Elham et al., [28] recorded percentage frequency and relative density the members of genus Fusarium spp. were predominantly isolated from maize grains as internal  mycoflora at all locations ( Fr. range 8.0 – 10% and R.D. 2.5 -3.5  as external mycoflora and internal mycoflora Fr .22.1 – 45% and  R.D. 10.8 – 25% ) . The second most prevalent genus as internal mycoflora was Alternaria spp. (Fr.20 -27.5% and RD. 10.25 -17.5%) as external mycoflora for internal mycoflora (Fr. 35-45% and R.D. 20%). The most predominant external mycoflora of the mold was Aspergillus spp. (Fr.27.5- 37.5 and R.D.15.13 – 23.8%) and for internal mycoflora relative density and frequency were slightly low (Fr. 16 – 18.4% and R.D. 12 – 15.3%). Penicillium sp. recorded the lowest value of external and internal mycoflora.

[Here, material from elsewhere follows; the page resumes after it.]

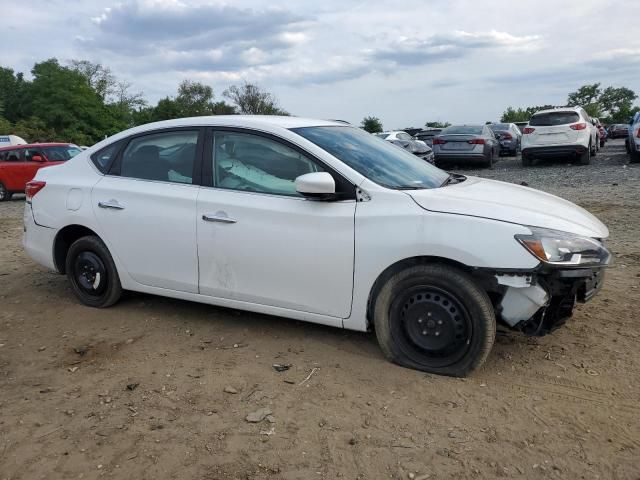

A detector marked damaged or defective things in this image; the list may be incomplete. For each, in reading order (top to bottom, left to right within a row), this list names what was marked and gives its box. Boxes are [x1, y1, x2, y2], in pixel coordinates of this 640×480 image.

broken headlight [516, 228, 608, 266]
front-end damage [476, 266, 604, 338]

El-Shanshoury et al., [33] deal with forty food grains including maize, wheat, rice and peanut seeds were analyzed for fungal contamination. Eight fungal genera belonged to Aspergillus, Penicillium, Fusarium, Mucor, Cladosporium, Trichoderma, Rhizopus and Alternaria were isolated and identified. Total fungal loads as CFU and percentages of fungi in the analyzed samples ranged between 21.7-33.2×103 CFU/g and 1.6-36.7%, respectively. Contamination of grains with aflatoxins was in the following order; rice > peanut > wheat > maize. In the cultures of Aspergillus flavus Link isolates, AFB1, AFB2 and AFG1 were detected in 78%, 71%, and 36% of the isolates.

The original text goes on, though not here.